NAIROBI – Kinshasa accused Rwanda of using refugees for political purposes on Wednesday, after its neighbour said it would no longer take in people fleeing violence in the Democratic Republic of Congo.
Rwandan President Paul Kagame said Monday that his country ‘cannot keep hosting refugees’ – stoking already high tensions between the two countries.
The spokesman for the Congolese government said the remarks by Rwanda’s President proved that human rights were of no value to him.
He accused Kigali of blackmailing the international community by using refugees for political purposes.
Patrick Muyaya said even though President Kagame had attempted to walk back on his remarks on the subject, he had ‘revealed his true intentions.’
More than 70,000 Congolese have crossed to Rwanda, fleeing a conflict between the government and the M23 rebels, which the international community believes is supported by Rwanda.
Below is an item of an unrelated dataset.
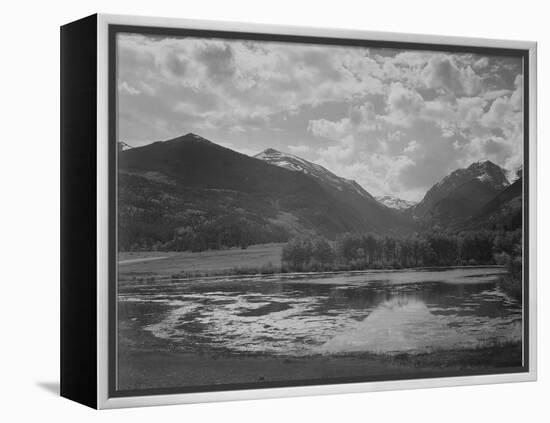 Lake And Trees In Foreground Mt, Clouds In Background "In Rocky Mt NP" Colorado 1933-1942-Ansel Adams-Framed Stretched Canvas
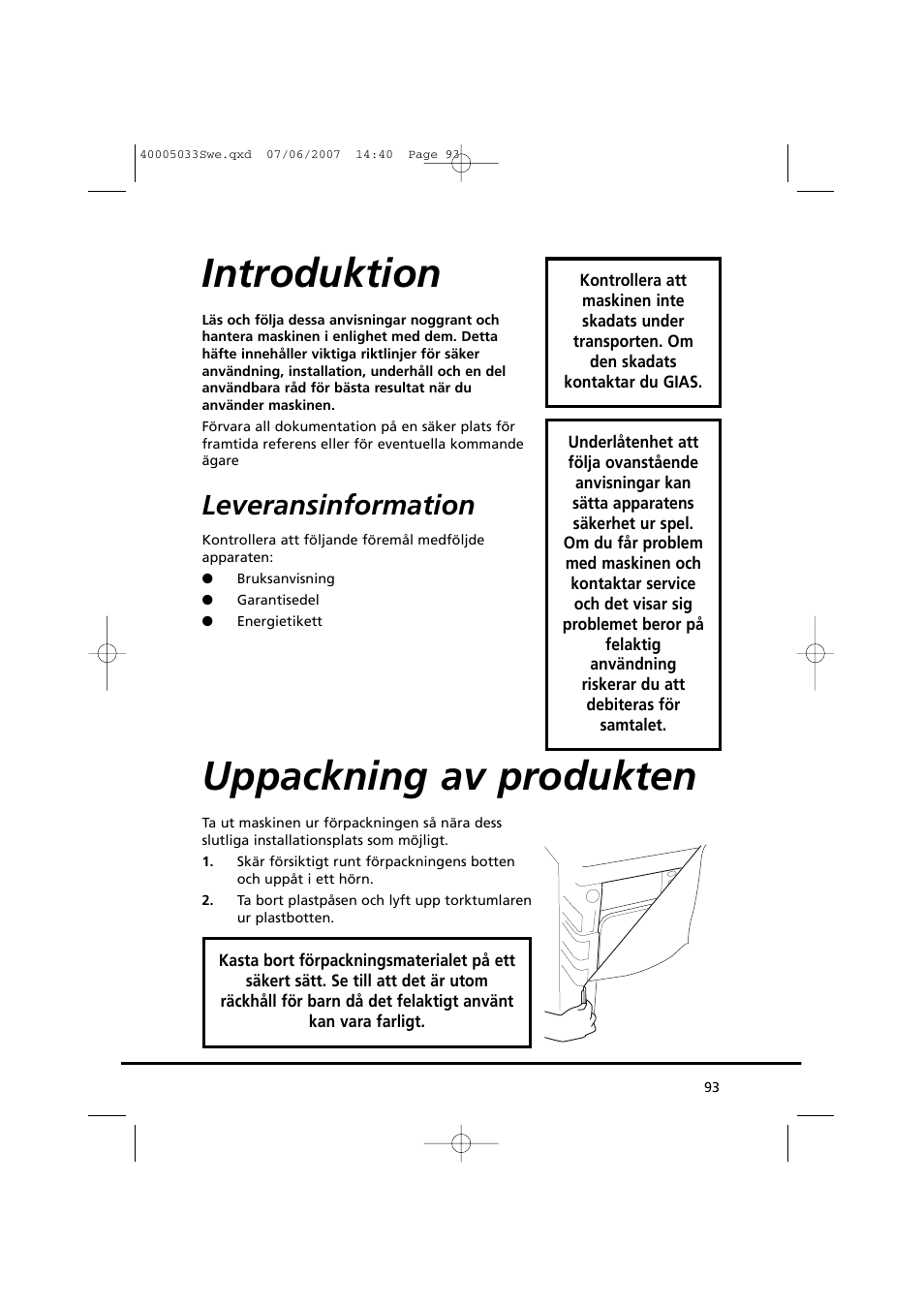 Introduktion, Uppackning av produkten, Leveransinformation | Candy GO DC 18-37S User Manual | Page 93 / 220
Kigali denies the claim.
Eastern Congo is scarred by dozens of conflicts, mostly over mineral resources.
Meanwhile, the US announced Thursday it was offering a reward of up to $10m for a man described as the ‘terror mastermind’ of the bloody hotel attack in Kenya four years ago.
It said it is seeking information on Mohamoud Abdi Aden, describing him as a leader of the Somalia-based Al-Shabaab jihadist group that has carried out several deadly attacks in neighbouring Kenya.
The Al-Qaeda affiliated group claimed responsibility for the January 15, 2019 siege on the upmarket DusitD2 hotel compound in the Kenyan capital Nairobi that lasted almost 20 hours.
At least 21 people lost their lives, including a US citizen, and many more were injured. Kenya said at the time that all the assailants had been eliminated.
“Mohamoud Abdi Aden, an Al-Shabaab leader, was part of the cell that planned the DusitD2 hotel attack,” the US ambassador to Kenya, Meg Whitman, told reporters in Nairobi.
She said the US was offering a reward of up to $10m for information leading to the arrest of Aden, described by the embassy as a Kenyan national, and others accused of involvement in the hotel siege.
The head of Kenya’s Directorate of Criminal Investigations, Amin Mohamed Ibrahim, described Aden as the ‘terror mastermind’ behind the carnage.
The State Department designated Aden a ‘specially designated global terrorist’ in October last year.
Al-Shabaab has repeatedly targeted Kenya since it sent its army into Somalia in October 2011 to fight the Islamist militant group.
In 2013, Al-Shabaab laid siege to the Westgate shopping mall in Nairobi for four days, leaving 67 people dead.
In 2015, an attack on Garissa University in eastern Kenya killed 148 people, almost all of the students. Many were shot at point-blank range after being identified as Christians.
It was the second bloodiest attack in Kenya’s history, surpassed only by Al-Qaeda’s bombing of the US embassy in Nairobi in 1998 which killed 213 people.
Al-Shabaab, which has been waging a bloody insurgency against Somalia’s fragile central government for 15 years, has been designated a terrorist group by the US since 2008.
In November, Washington said it was increasing its reward to up to $10m apiece for key Al-Shabaab leaders including ‘Emir Ahmed Diriye.